TRY IT: Starting at the line that contains "余罪第三季或将停播 原因曝光" and ending at the final line of the entries below, write out each line exactly as it appears, but omit the pictures.

Web page caption snippets
================================

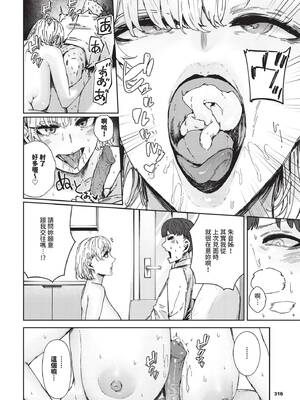 COMIC BAVEL 2024年12月号 [中国翻訳] [無修正] [DL版]_317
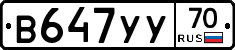 В647УУ70 - 
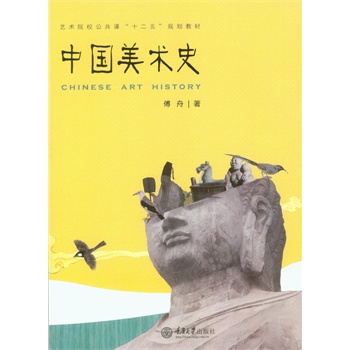 �Ї����gʷ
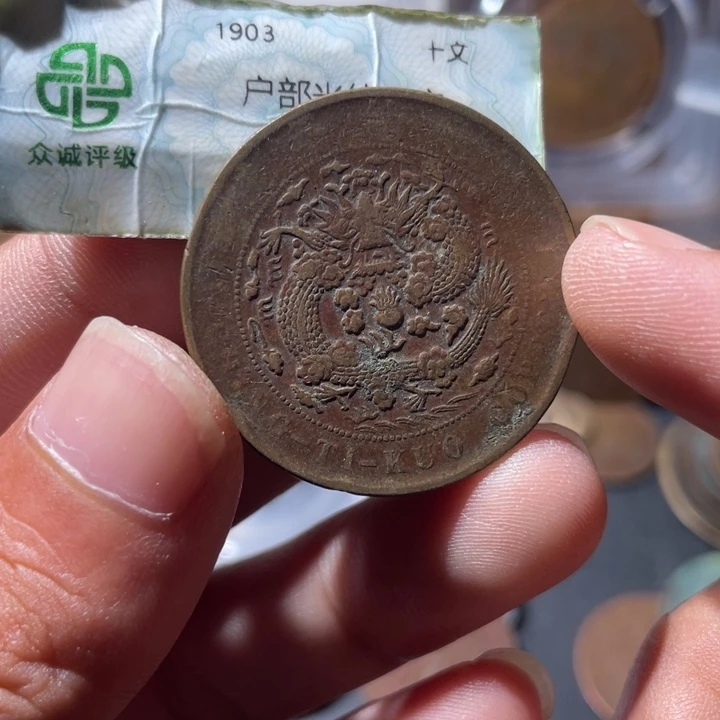铜通古博今专卖店海海海6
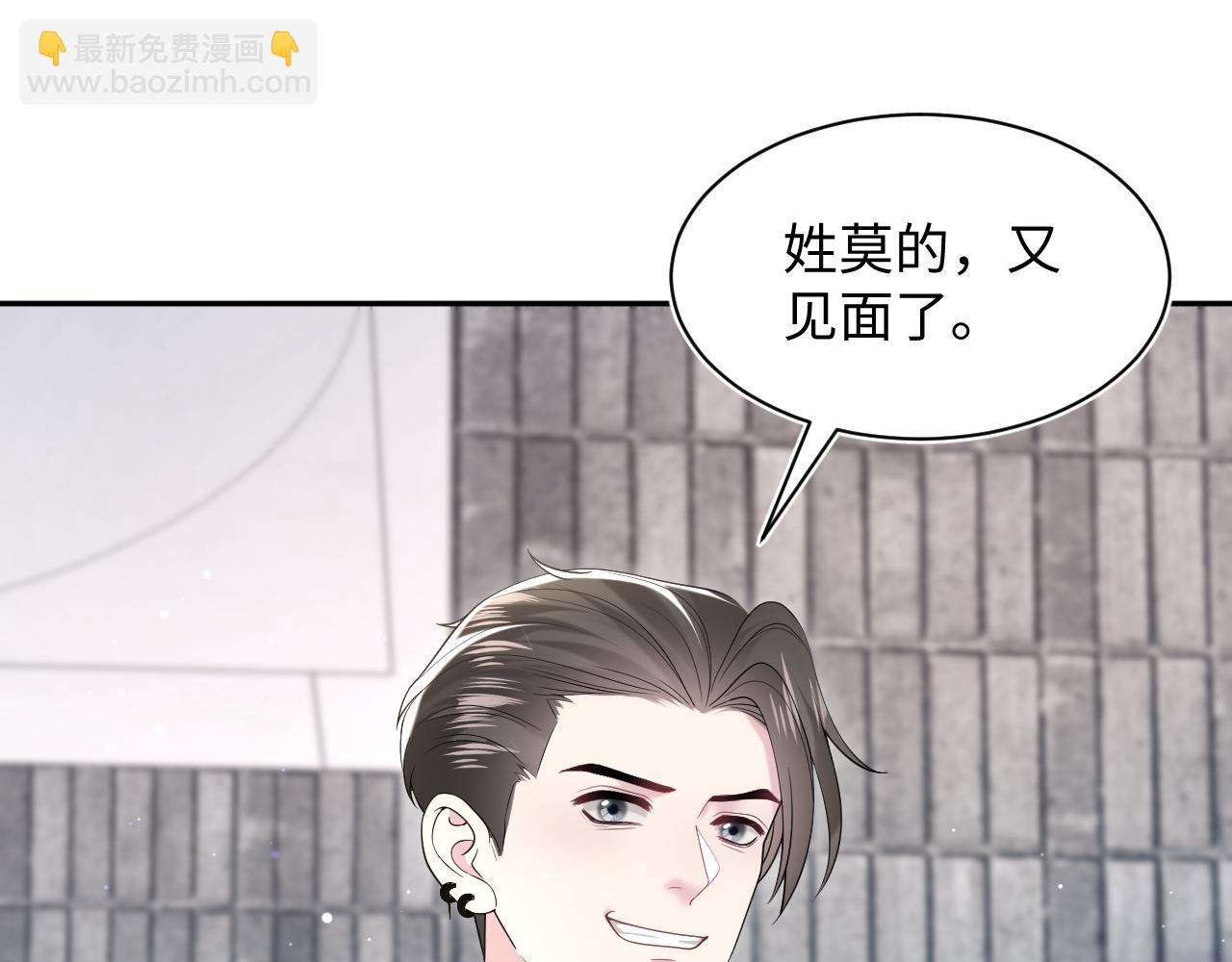 第205话 天凉王破(1/3)-第207话
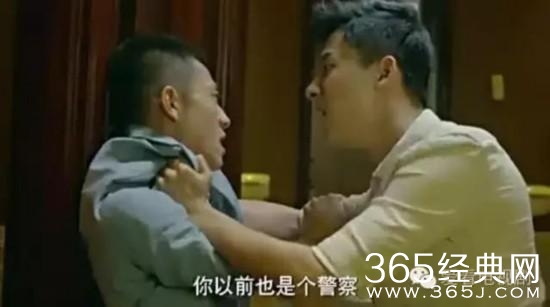 余罪第三季或将停播 原因曝光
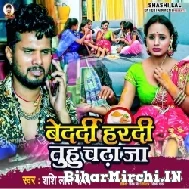 Bedardi Haradi Tuhu Chadha Ja (Shashi Lal Yadav) 2022 Mp3 Song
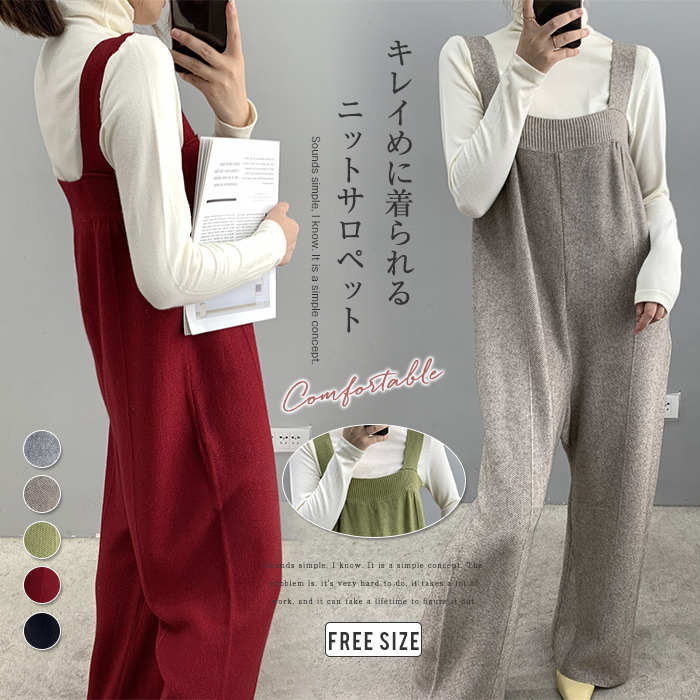 サロペット パンツ レディース ニット ワイドパンツ オールインワン つなぎ 秋冬 暖かい ゆったり ノースリーブ 大きいサイズ 大人 きれいめ お洒落 通勤 日常 カジュアル シンプル 20代 30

================================

WRITTEN RESPONSE:
 余罪第三季或将停播 原因曝光
 Bedardi Haradi Tuhu Chadha Ja (Shashi Lal Yadav) 2022 Mp3 Song
 サロペット パンツ レディース ニット ワイドパンツ オールインワン つなぎ 秋冬 暖かい ゆったり ノースリーブ 大きいサイズ 大人 きれいめ お洒落 通勤 日常 カジュアル シンプル 20代 30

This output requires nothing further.